Two patients with apparently reciprocal 15q24 duplications have been reported who shared multiple clinical features, including developmental delay, hypertonia, joint limitation, digital abnormalities, and certain facial features, which include down-slanting palpebral fissures, epicanthi, smooth philtra, and full lower lips.8,22 On the basis of the common features observed in those two patients, it was suggested that 15q24 duplications may result in a clinical syndrome.22 Aside from developmental delay, Patients 2 and 3 in this report did not exhibit the clinical features observed in these two previously reported patients with 15q24 duplications (Table 2). Therefore, at this point it is unclear whether 15q24 duplications result in a distinct clinical phenotype. Assessment of additional patients with 15q24 duplications will be necessary before drawing firm conclusions regarding the potential phenotypic consequences of such duplication.

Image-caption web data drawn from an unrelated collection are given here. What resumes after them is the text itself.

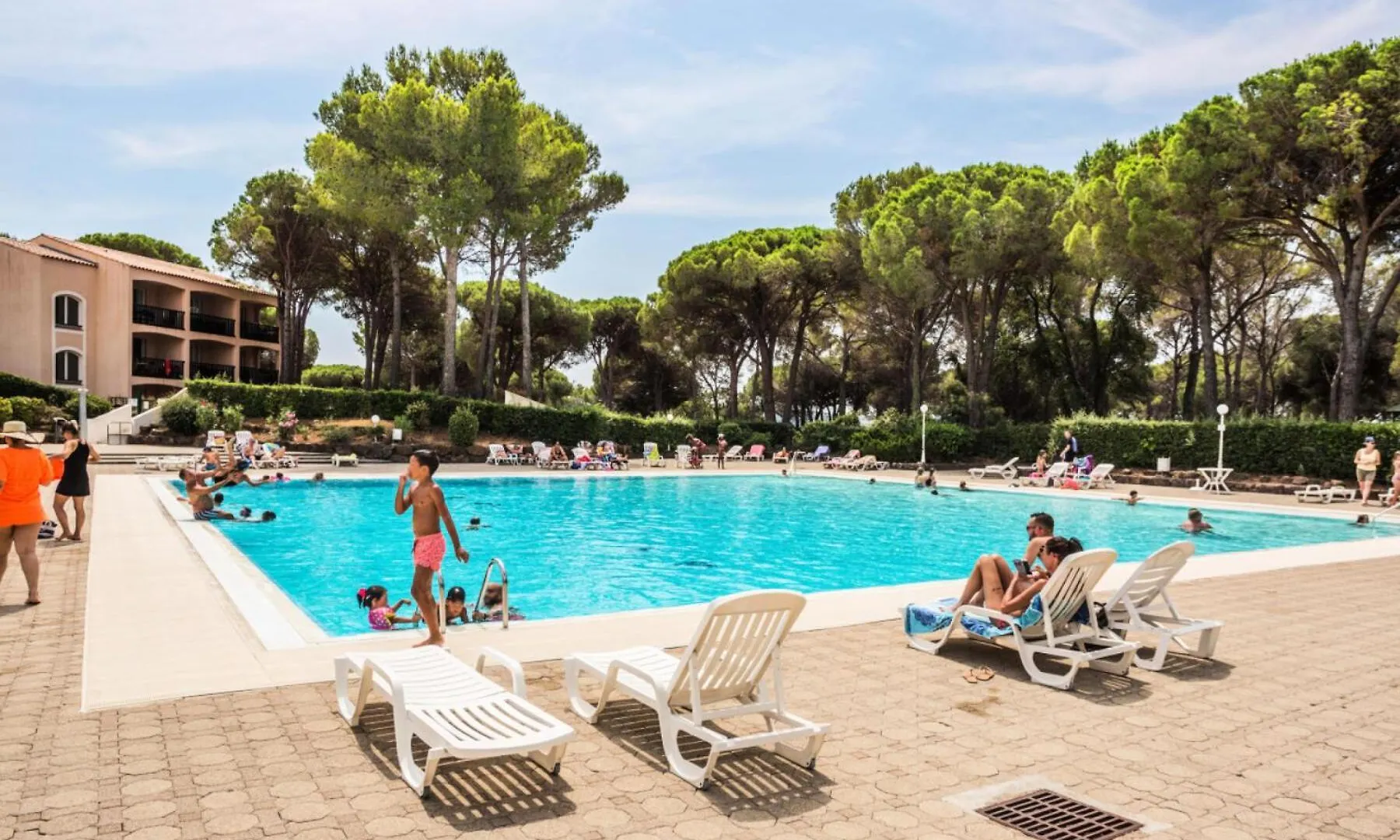 Residence Saint-Raphael Valescure - Maeva Home - Studio 4 Personnes Selection Mae-5437 Apartment
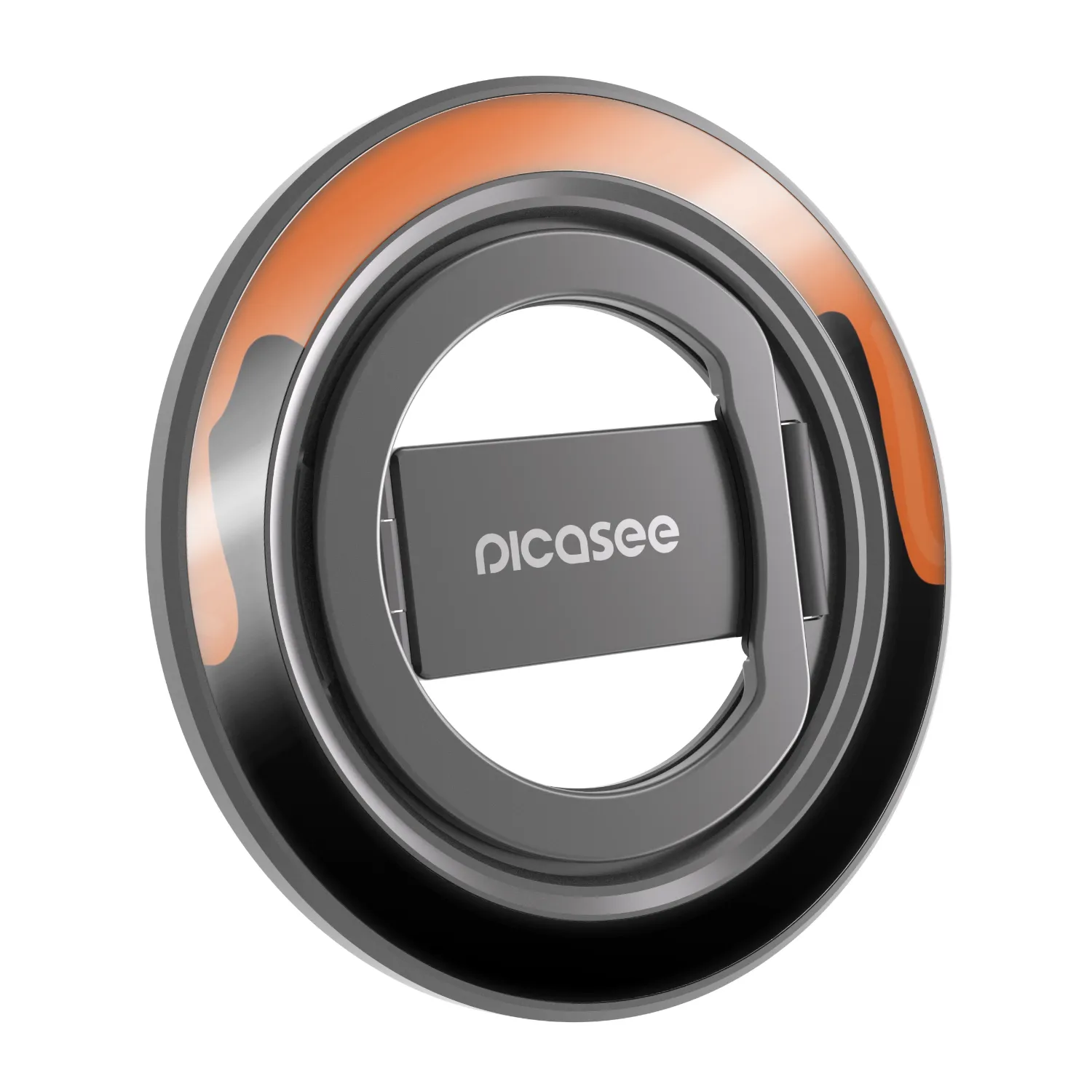 Picasee Magnetic holder - Neagră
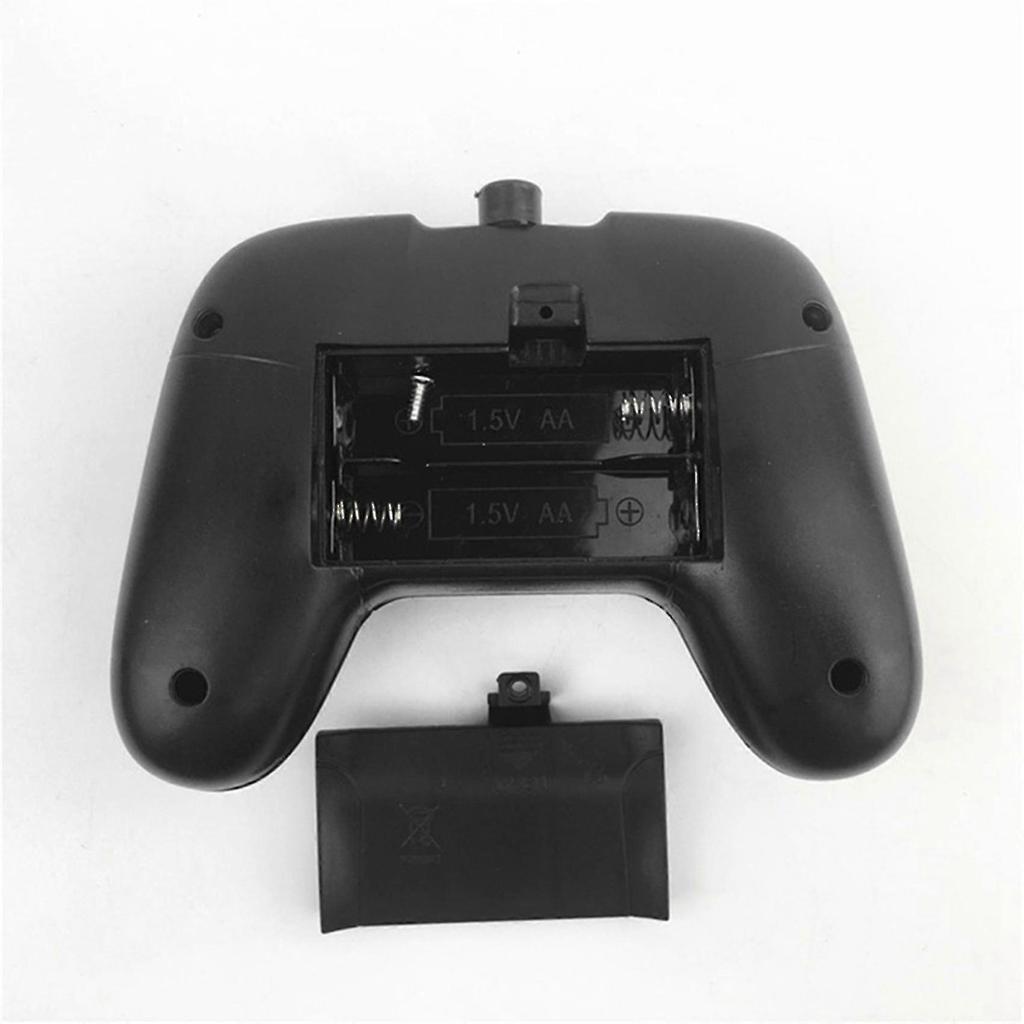 Rc Toy Module Remote Control Receiver Transmitter 50m Kit 25-26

At least three mechanisms for genomic rearrangements associated with genomic disorders have been proposed, including NAHR, NHEJ, and FoSTeS/MMBIR.11,15,16 NAHR is mediated mostly by LCRs and accounts for most of the recurrent rearrangements. NHEJ is a double-stranded DNA break repair mechanism and can result in nonrecurrent genomic rearrangements that do not require sequence homology. NHEJ can result in microhomology, short insertions, or short duplications at the rejoining sites.15 Other nonrecurrent rearrangements can be explained by the FoSTeS mechanism in which the DNA replication fork stalls and the lagging strand disengages from the original template, transfers and anneals to another replication fork, and restarts the DNA synthesis. The annealing or primer pairing depends on the microhomology between the transferred strand and the original site. Further molecular details have been provided in the MMBIR model wherein the fork stalling occurs by a collapsed fork, which is generated as the fork proceeds through a nick resulting in a one-ended double-stranded DNA. This one-ended double-stranded DNA is processed to expose a 3′-end followed by template switching to a new replication fork, priming de novo synthesis by microhomology, to initiate break-induced replication.17,18 Most of the 15q24 deletion and duplication breakpoints map to LCR regions, indicating that NAHR is the mediating mechanism. However, the deletion breakpoints in Patient 1 do not localize to LCR regions, and the microhomology identified in this nonrecurrent deletion by sequencing the junctions suggests either NHEJ or FoSTeS/MMBIR as potential mechanisms mediating such rearrangement.

In conclusion, concurrent CNVs may modify the clinical phenotype associated with 15q24 rearrangements supporting the hypothesis that the genomic mutational load may play an important role in phenotypic severity and variability. Conceptually, these findings could affect counseling regarding CNVs inherited from healthy parents. Although 15q24 microdeletion clearly represents a clinically distinct syndrome, further assessment of additional patients with reciprocal 15q24 duplications is needed before drawing conclusions about the effect of such duplication. Most of the 15q24 genomic rearrangements are mediated by NAHR; however, other mechanisms including NHEJ or FoSTeS/MMBIR may be responsible for a minority of these rearrangements. The SRO is gene-rich and harbors the CYP11A1, SEMA7A, CPLX3, STRA6, ARID3B, SIN3A, and CSK genes that may contribute to the phenotype for the genomic disorders involving 15q24.